HHS Poses Slew Of Questions About Exchanges, Offers States $1M For Planning
HHS on Thursday took some of the first steps toward establishing the insurance exchanges created by health reform, offering states up to $1 million to begin planning for the new marketplaces and soliciting public comment on hundreds of questions about how the exchanges should function. The questions, which echo many of the issues raised last week at a meeting of state regulators, underscore the complexity of the decisions that states and HHS must make as the exchanges move forward.
States will need to decide, for example, whether to operate separate exchanges for the individual and small group markets, or combine the two into a single marketplace. And consumer advocates have noted that operating the exchanges will likely require extensive coordination with other state and federal health care programs, especially if a significant number of people fluctuate between Medicaid eligibility and the subsidies available to low-income people who buy insurance through an exchange.
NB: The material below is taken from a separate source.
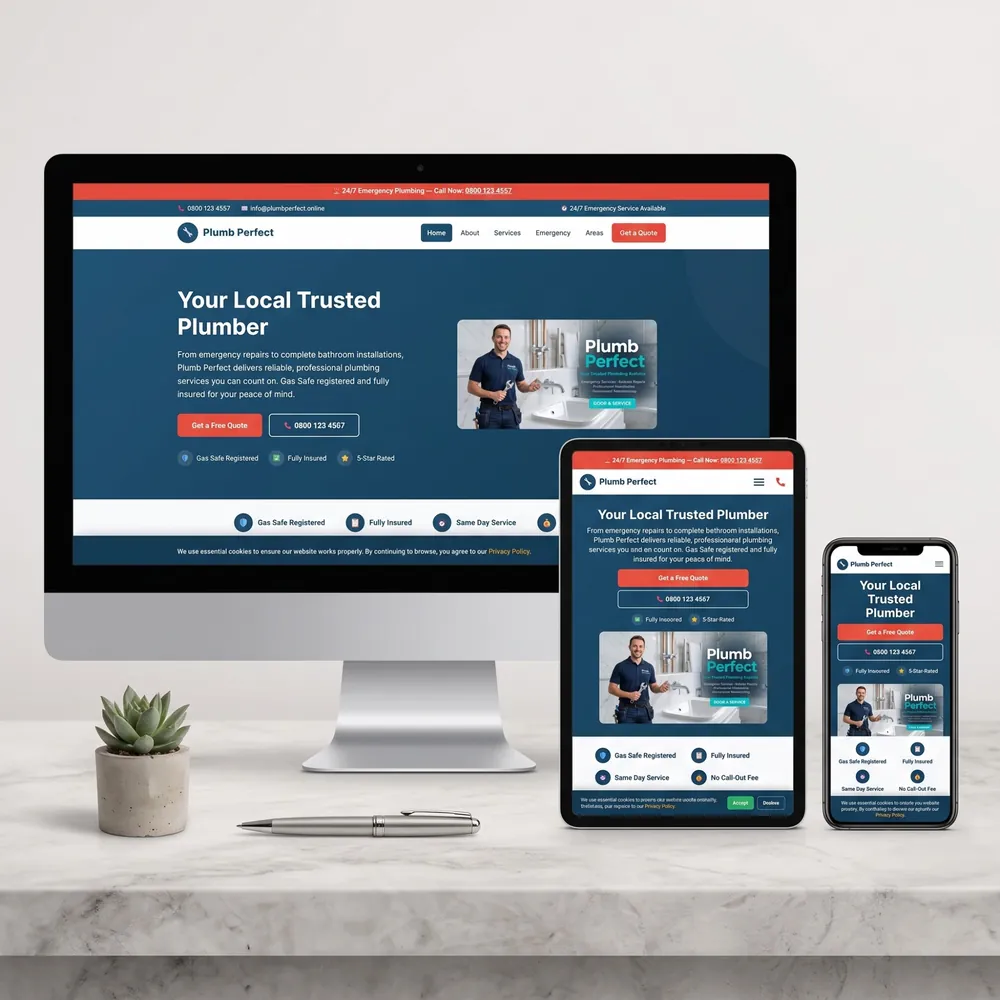 Plumb Perfect homepage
Stakeholders at a National Association of Insurance Commissioners meeting last week debated, among other issues, the proper place within state governments to house the exchanges. The reform law directs HHS to create a fallback option for use in states that do not establish their own exchanges. It also sets certain minimum standards for participating in an exchange, but gives the states considerable flexibility to impose additional requirements and to decide how active they want their respective exchanges to be.
In addition to soliciting public comment about the exchanges, HHS announced the availability of $51 million in grants, $1 million for each state and Washington, DC. The money will help states with “research and planning” as they determine how to structure their respective exchanges, according to an HHS release.